Most publishers seem to agree that, nowadays, specialty cookbooks are popular abroad, including gluten-free and vegan cooking titles.

Linda Kaplan, v-p and director of subsidiary rights for Crown, has seen trends ranging from an interest in “encyclopedic subject books,” such as titles by James Peterson (e.g., Cooking, Sauces, Splendid Soups), to Asian cooking titles. She cites Ivan Ramen by Ivan Orkin, Momofuku by David Chang, and Japanese Soul Cooking by Tadashi Ono and Harris Salat, as particularly popular examples of the latter.

Christina Frey, a sales manager also at Random House, agrees that branded authors like Martha Stewart and Ina Garten have international reach.
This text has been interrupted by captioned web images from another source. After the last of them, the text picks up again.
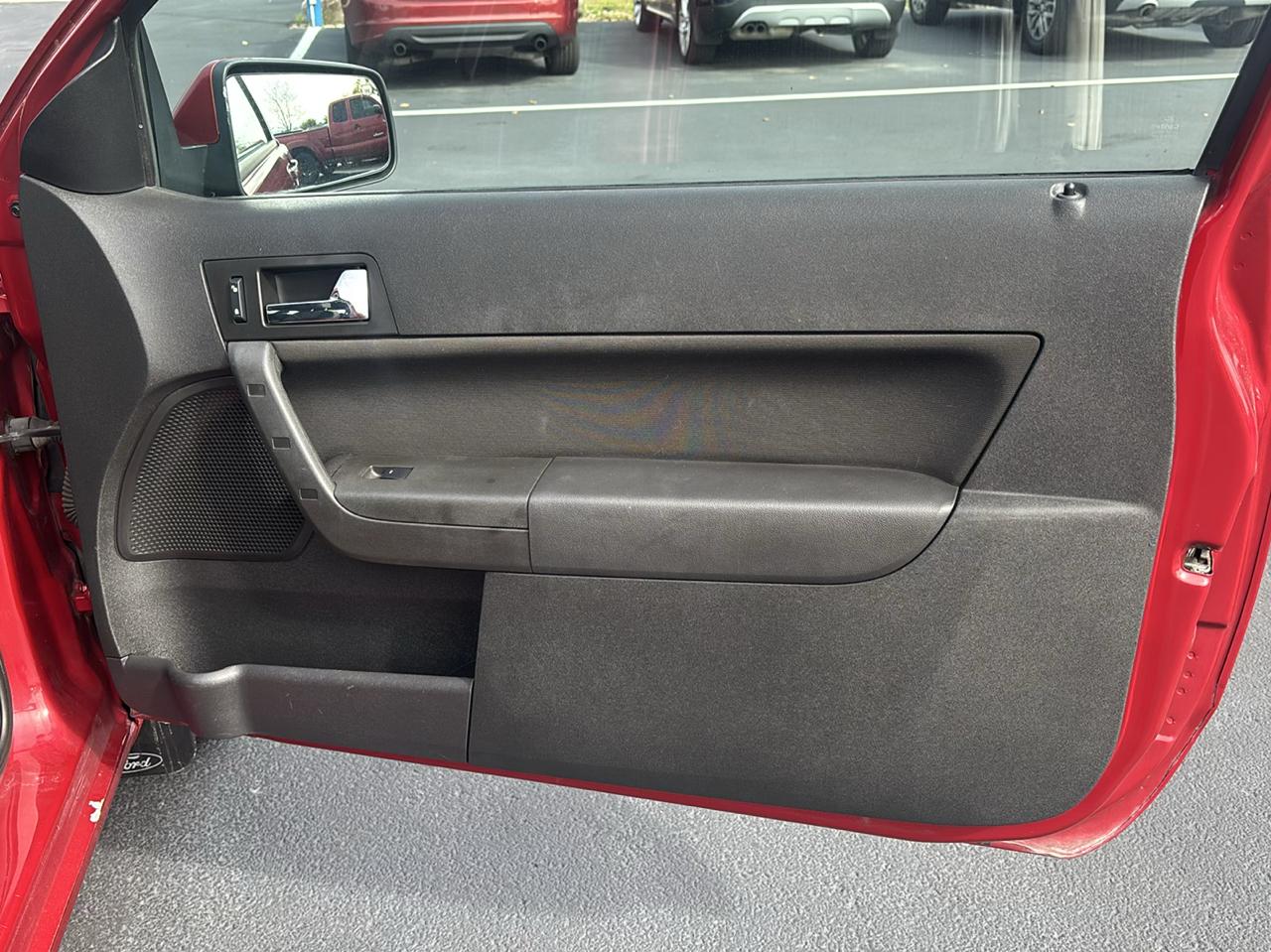 Ford Focus 2dr Cpe SES 2009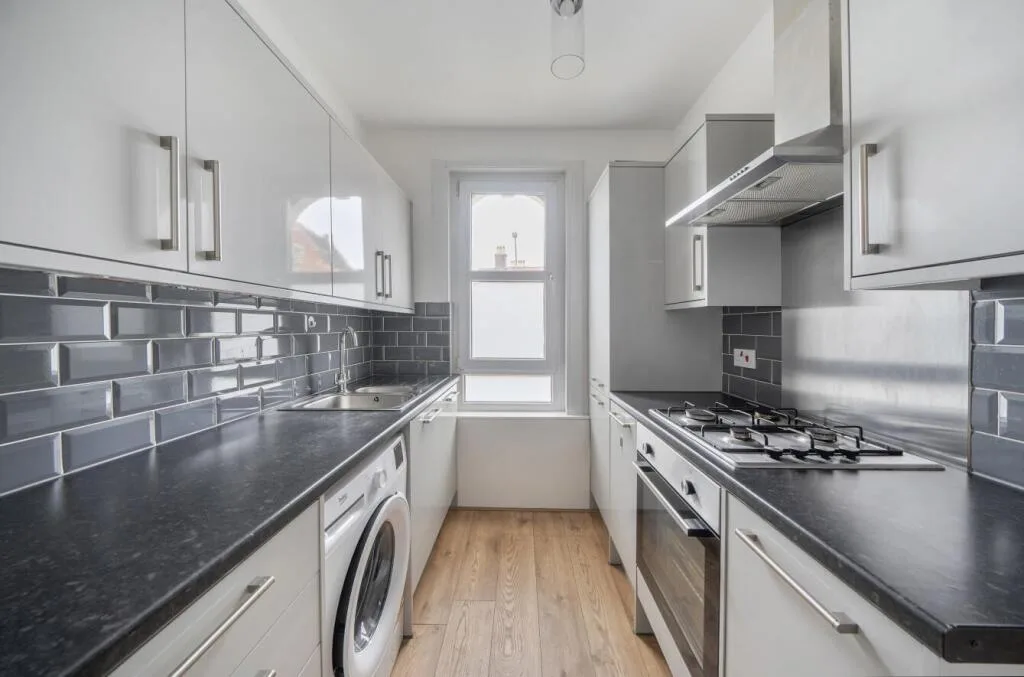 2 bedroom maisonette for rent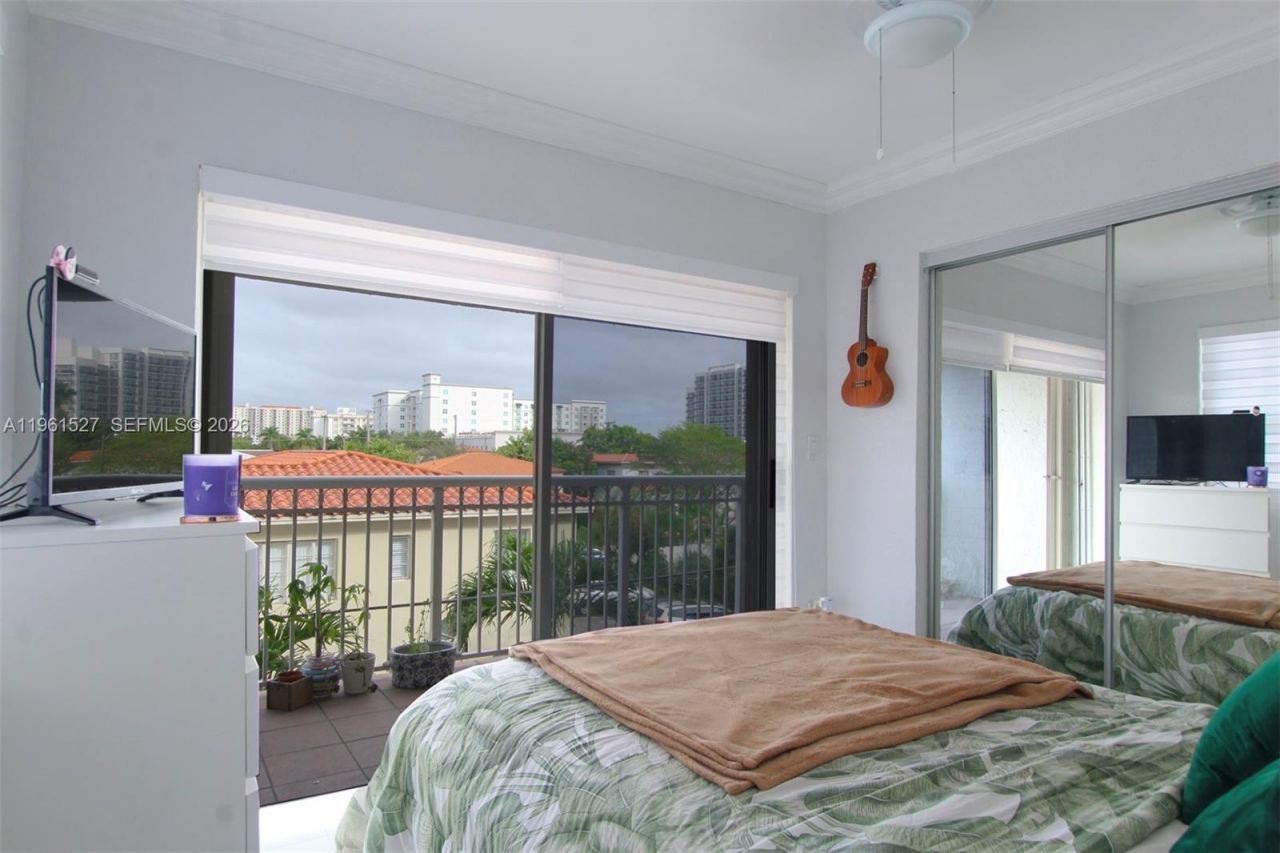49 Majorca Ave, Unit 303, Coral Gables, FL 33134 Photo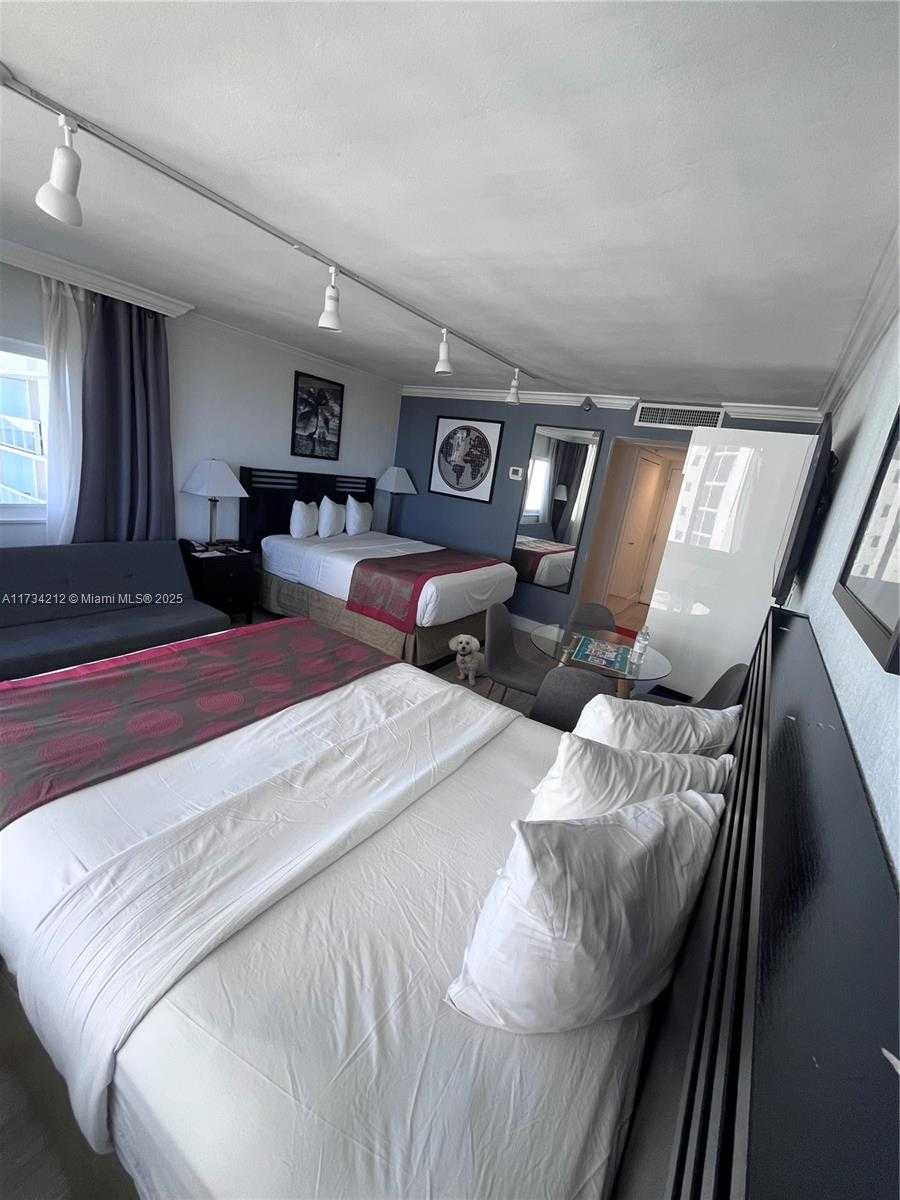 Small Image of 19201 COLLINS AVE #1126, Sunny Isles Beach Number 9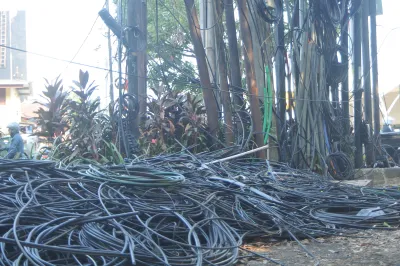 Lautan Kabel yang Terlantar: Monumen Kelalaian Kota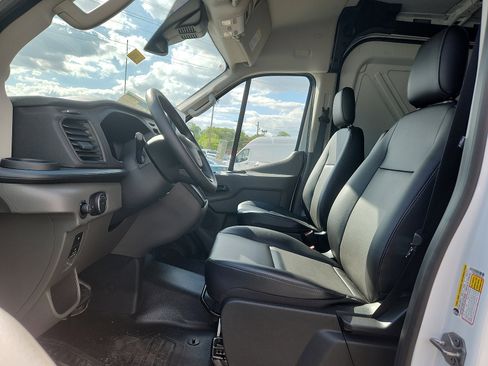 New 2026 Ford Transit 250 148 Medium Roof RWD image 7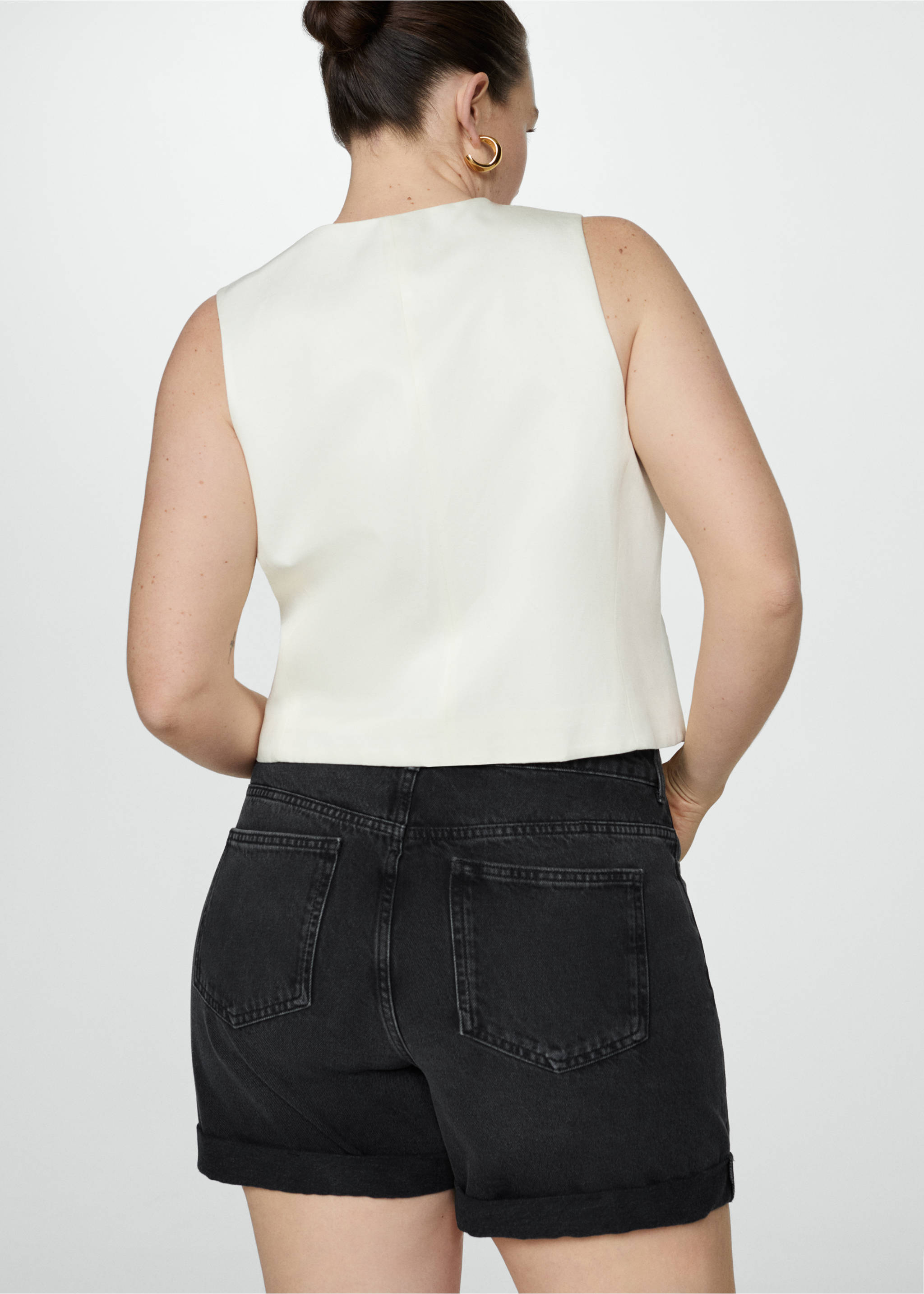 Magas derekú mom-fit farmer rövidnadrág - A termék adatai 4, Black denim. Ref: 77040573-00.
She says classics like Julia Child’s Mastering the Art of French Cooking sell well, as do spin-offs of popular titles and TV series, such as Fifty Shades of Chicken and Feast of Ice and Fire: The Official Game of Thrones Companion Cookbook. Frey notes that gluten-free, vegan, and paleo cookbooks also do well abroad, especially in the U.K.

Publicist Audrey Locorotondo says Taunton lists two titles—The Food You Crave by Ellie Krieger, and Panini Express by Daniel Leader—that have both sold well since 2009.

Adam Salomone, associate publisher at Harvard Common Press, says, “There’s the most opportunity in European and Asian countries, though I can’t pinpoint areas of opportunity to specific countries because it varies.” Salomone says he’s seen an interest in “straightforward” cookbooks, such as barbecue, vegetarian, and vegan. Smoke & Spice, one of the publisher’s flagship titles, was licensed in a foreign-rights deal to Germany, and Vegan Planet was recently licensed in South Korea.

What doesn’t sell? Salomone says baking is a tough sell, in his experience, because it’s difficult to translate and “overly gimmicky, complicated.”